I'm in the market for a small media centre style machine like this...to replace the ageing hunk that is my desktop!
Designed for the telly?
I'm sorry, but I have to disagree. A few month ago I have been able to power up one of those Zinos on my TV-set. It came fresh out of the box, booted, and greeted me with a desktop with a thick black border. It took me half an hour of browsing through various menus to find the setting to turn that off.
It seems like the software on the box assumed I misconfigured my television to zoom in onto the picture and tries to compensate that by scaling down the original picture and adding a black border. That's just sick! Doesn't anybody even try out that design before getting it produced?

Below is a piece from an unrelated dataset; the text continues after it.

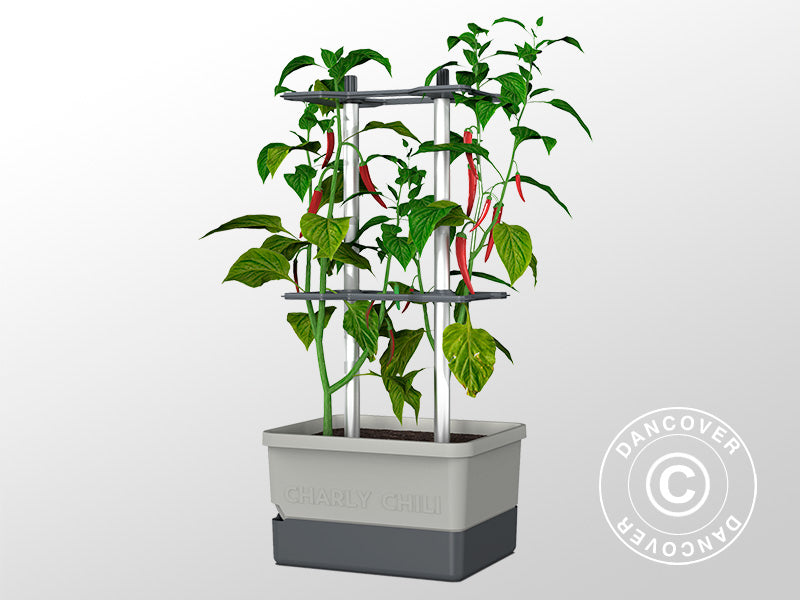 Planteringskruka, CHARLY CHILI, med klätterstöd och vattentank, Ljusgrå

Huh? "Windows has NO place in an HTPC
Windows Media Centre is actually very good as a HTPC.
The UI is done well, all of the TV tuners available work with it, it works extremely well, and there is a healthy collection of useful third-party and enthusiast add-ons and utilities. If you'd bother to take a look, you may be pleasantly surprised.
Of course, if you simply take every chance you can get to rubbish Windows and push Linux, even when inappropriate, then I've just wasted a few minutes of my time.
I'm looking into getting one of these to replace my "Frankenstein" machine which I ended up donating the system board out to a good cause.
Price was one of the factors I was considering, along with the ability to hook it up to a TV out of the box.
It's not that I don't have a decent, wide screen flat panel monitor. I do.
It's not that I don't have a decent, regular desktop style computer desk. I've got that as well.
I wanted something readily portable but not a laptop.
As far as the operating system goes, here are my thoughts:
Box is cheaper than Mac Mini (So, no Mac machine for me, sorry Steve.)
Called with Dell, and tried to get them to forgo the windows tax. They wouldn't budge on it.
Would want to put Windows 7 64 bit on it, but if I couldn't get that, maybe experiment with Windows XP Media Center instead.
I could put Linux on it, but this machine will be replacing the only computing gaming machine at home.